Nos experts vous présentent leur analyse complète de toute l’actualité sur les marchés de l’énergie à la date de clôture du 18 octobre 2024.
Marché de l’électricité
La France face à l’illusion des températures douces
Le marché européen de l’électricité a été influencé semaine dernière par un climat plus doux et une demande réduite en chauffage, avec une demande d’énergie en France de 43,6 GW. Les flux de gaz norvégiens, perturbés par des pannes dans le champ de Troll (13 millions de mètres cubes de moins par jour), devraient se stabiliser, mais ces interruptions montrent la vulnérabilité du marché.
Sur le marché du carbone, les prix sont sous pression en raison d’une offre accrue aux enchères et d’une demande plus faible, notamment en Allemagne, où les données économiques restent préoccupantes. Les vents forts stimulent également la production éolienne, réduisant la demande en énergies fossiles. Toutefois, les tensions au Moyen-Orient et les incertitudes sur les approvisionnements en pétrole pourraient rapidement inverser cette tendance et faire remonter les prix de l’énergie en Europe.
Tension croissante autour des politiques énergétiques françaises
Cette semaine, la commission des finances de l’Assemblée nationale a voté pour abandonner un projet de taxation de la vente d’énergie nucléaire d’EDF sur le marché de gros, prévu pour 2026.
Ce projet visait à remplacer le tarif nucléaire réglementé actuel, l’Arenh, par une nouvelle taxe sur les revenus d’EDF au-delà de certains seuils (78-80 €/MWh et 110 €/MWh).
L’accord initial conclu en novembre 2023 entre EDF et le gouvernement prévoyait de vendre l’électricité nucléaire à une moyenne de 70 €/MWh jusqu’en 2040.
Cependant, ce plan fait face à une vive opposition, notamment de la part de fournisseurs concurrents et d’analystes, qui jugent ce système impraticable, d’autant plus que les prix de gros pour 2026 sont tombés en dessous de 70 €/MWh. Le ministre de l’Industrie, Marc Ferracci, a appelé EDF à proposer des prix plus compétitifs pour les industries consommatrices d’énergie, tandis que la ministre de la Transition écologique, Agnès Pannier-Runacher, prévoit une réunion avec le PDG d’EDF, Luc Remont, pour évaluer la mise en œuvre de cet accord.

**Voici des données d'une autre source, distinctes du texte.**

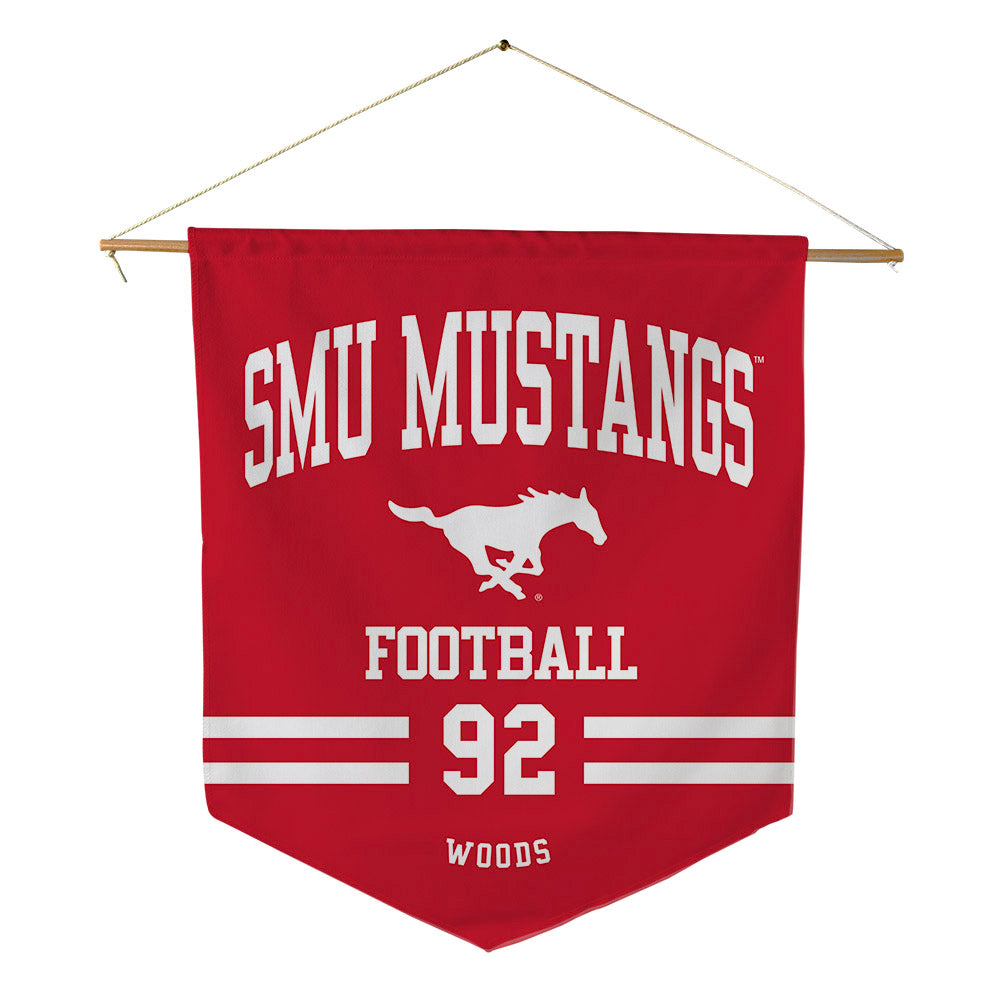 SMU - NCAA Football : Hudson Woods - Pennant - 18" x 21"-0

Alors que la législation financière pour 2025 sera débattue prochainement, l’avenir de cette réforme est incertain, d’autant plus qu’aucun parti ne détient de majorité absolue à l’Assemblée.

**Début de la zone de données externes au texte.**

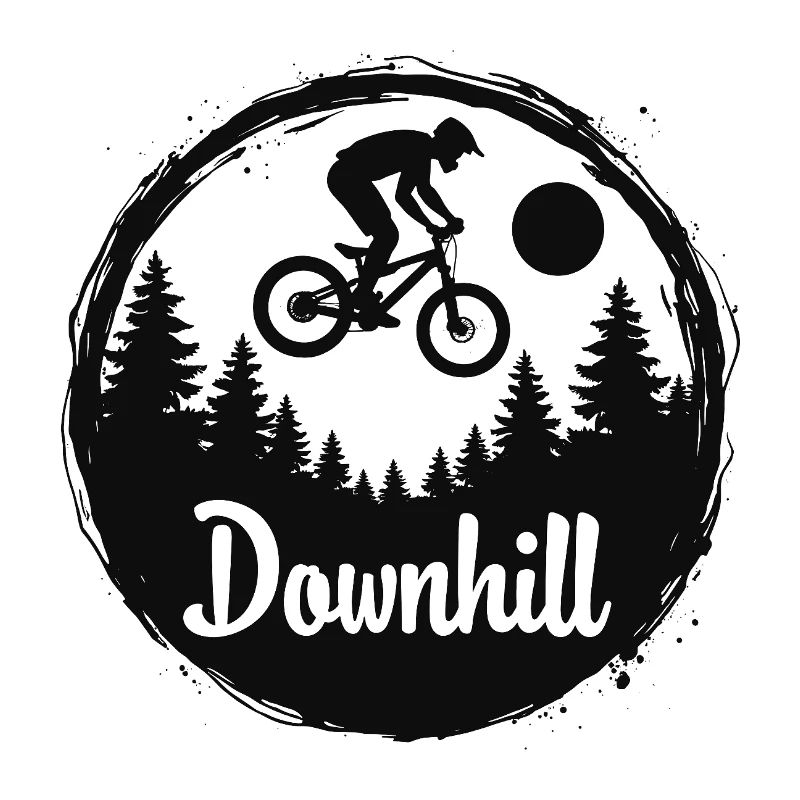 Aventure de VTT en descente dans la forêt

Cette situation reflète une tension croissante autour des politiques énergétiques en France, avec EDF au centre des discussions sur les tarifs et l’approvisionnement énergétique à long terme.
L’analyse électricité de notre expert
Entre volatilité et sérieux défis structurels
En Finlande, les fluctuations des prix de l’électricité, fortement influencées par la dépendance accrue à l’énergie éolienne persistent. La volatilité est désormais une caractéristique fondamentale du marché électrique, où les prix peuvent chuter en dessous de zéro lors de périodes venteuses, pour ensuite atteindre des sommets vertigineux les jours froids, comme le 5 janvier dernier, avec un record de 890,54 €/MWh.
Les ministres de l’énergie peinent à s’accorder sur une stratégie commune face aux pics de prix. Tandis que la Grèce et plusieurs pays d’Europe du Sud plaident pour des mécanismes de redistribution des bénéfices exceptionnels, d’autres nations comme l’Allemagne appellent à une réduction structurelle des prix. La Finlande quant à elle milite pour abaisser le plafond des prix sur le marché spot afin de prévenir des flambées excessives.
La hausse des énergies renouvelables intensifie la volatilité des prix, exacerbant les difficultés des petits développeurs à sécuriser des contrats d’achat d’électricité (PPA). La nécessité d’une meilleure couverture des prix devient urgente pour stabiliser les revenus des producteurs d’énergie renouvelable face à des risques géopolitiques croissants et des interconnexions fragiles.
– Helder FARIA RUBIO,
Responsable Vente Indirecte et Partenariats chez Capitole Energie
Marché du gaz
L’Europe joue-t-elle à la roulette russe avec son approvisionnement hivernal ?
L’Europe fait face à des tensions importantes malgré des stocks de gaz robustes, remplis à 95 % de leur capacité. Le risque d’approvisionnement pour cet hiver reste élevé, accentué par les tensions au Moyen-Orient, qui pourraient affecter le transport maritime du GNL, et l’expiration imminente du contrat de transit de gaz entre la Russie et l’Ukraine. Ces craintes sont contrebalancées par une demande réduite grâce à des températures plus clémentes en Europe pour l’instant, mais la situation pourrait rapidement changer.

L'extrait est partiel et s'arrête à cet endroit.